Hoge and Theegala finished at 34-under par, adding their best-ball 62 (10-under) to 60s in the first (scramble) and second (modified alternate shot) rounds.
“It’s nice to get a taste of victory because it’s so hard out here,” Theegala said holing the final birdie putt. He hurt himself on the first hole, pulling a muscle in his side as the result of what he called, “a bad swing.” But Hoge picked the team up early. “I knew I had to pick it up for him,” Hoge said, “but I knew he was gonna hit some great shots down the stretch.”
It was a free-for-all down the stretch. Hoge and Theegala had Hoffman and Palmer after them the entire back nine. They weren’t the only team in the hunt. Former champions at the QBE, Matt Kuchar and Harris English, were in the thick of it with six birdies over the back nine but couldn’t quite keep up with the two teams in the final group.
Palmer pulled off the recovery shot of the day at the 17th when his team desperately needed a birdie. He was over the green with his second, he needed to get his third close but had a tough, uphill shot with only 12 feet of green to work with. His third shot didn’t get up the hill and his ball rolled back down to just about the same position where he hit that third shot. He then holed out the next one for an improbable birdie that sent the teams to the 54th hole tied after Theegala and Hoge both failed to birdie the reachable par five.
But in the end, Theegala got that winner to drop. “It was really great because I had my parents here. So glad they could see it,” he said with a big smile.
Five Players Earn Champions Tour Cards:
Toughest tour to gain entry? That’s easy. The Champions Tour by far.
Seventy-eight players made it to the final stage in Scottsdale at the TPC Scottsdale this past week and five, yes, only five earned playing privileges.
Medalist was Aussie Richard Green, a three-time winner on the DP World Tour who was at one time ranked as high as No. 29 in the world rankings. He shot 18-under par.
Runnerup to Green was a familiar name on the over-50 set — Wes Short Jr., who lost his car but regained it with a solo second at 14-under.
Three players tied for third at 13-under — Tim O’Neal, Brian Cooper and a second Aussie — David McKenzie.
Cooper and O’Neal are African-American. Cooper spent a lot of his life as a club pro in the Pittsburgh area and battled his way through depression and realized his dream.
“I wouldn’t be here today if I had not been honest about my struggles,” Cooper said after winning a card. “It’s been a long road. I saw this happening years ago, and when it doesn’t happen, you start to lose faith. You start to question whether you can do it. This is not an easy Tour to get in. I was willing to walk away because in the years I had (Associate Membership), I had done more than most, Monday qualified a bunch, and I was extremely proud of that.
“It’s pretty cool right now. It really is. To know that you’re one of five in the world to get this chance, I mean, what are the numbers?”

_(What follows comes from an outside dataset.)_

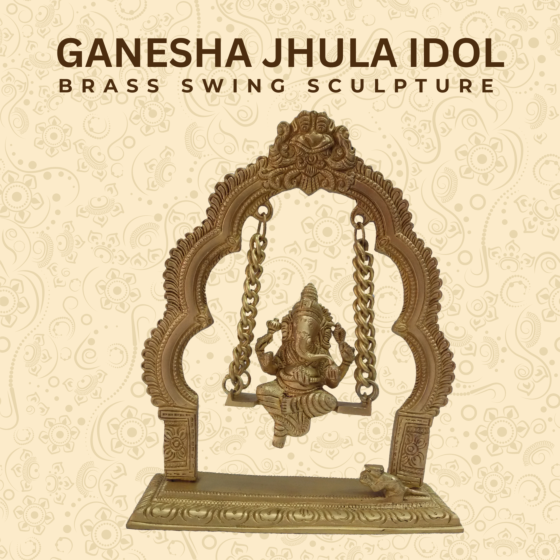 Brass Ganesh Sitting on Swing KBH04604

O’Neal is an alum of the APGA Tour. He turned 50 this summer and was overjoyed at winning one of the five cards. “Man, I’m really at a loss of words,” O’Neal said after posing for a group photo with his fellow Q-School graduates. “I’ve been going to Q-School for a long time, and for me to get status, my first year going to Champions Tour Q-School, just crazy happy right now. I’m at a loss for words, but it’s been a long time coming for me.”